PROBLEM DETAILS: There are pictures in the records below; leave them out and set down exactly the lines from the one holding "But other than" through the one holding "Hey you guys, what".

DATA FOR PROCESSING:
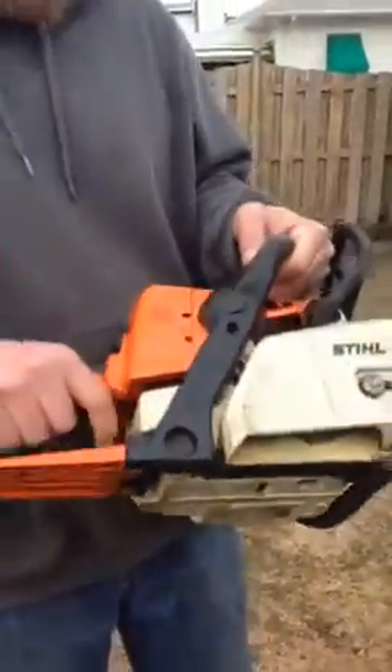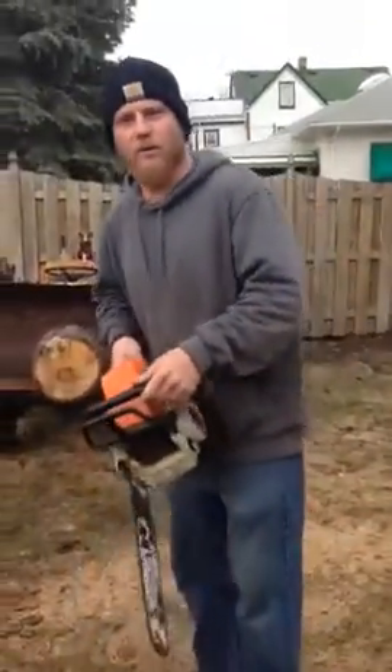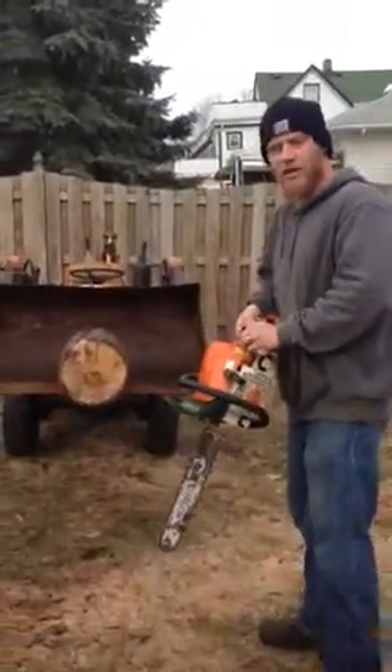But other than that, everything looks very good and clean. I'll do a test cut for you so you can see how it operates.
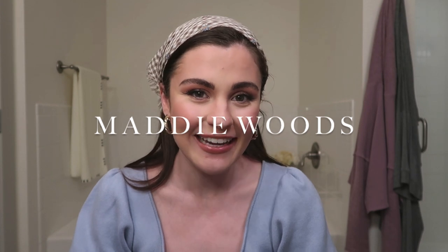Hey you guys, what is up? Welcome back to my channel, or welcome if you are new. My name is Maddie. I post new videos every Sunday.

...

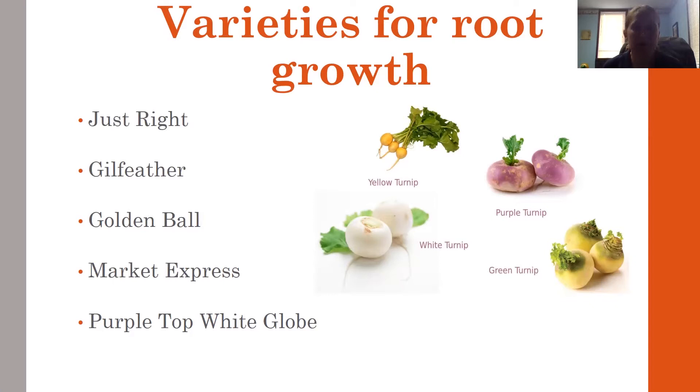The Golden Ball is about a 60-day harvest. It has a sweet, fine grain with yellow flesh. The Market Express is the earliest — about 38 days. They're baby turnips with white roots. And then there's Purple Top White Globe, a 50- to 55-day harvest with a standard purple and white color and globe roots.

TASK OUTPUT:
But other than that, everything looks very good and clean. I'll do a test cut for you so you can see how it operates.
Hey you guys, what is up? Welcome back to my channel, or welcome if you are new. My name is Maddie. I post new videos every Sunday.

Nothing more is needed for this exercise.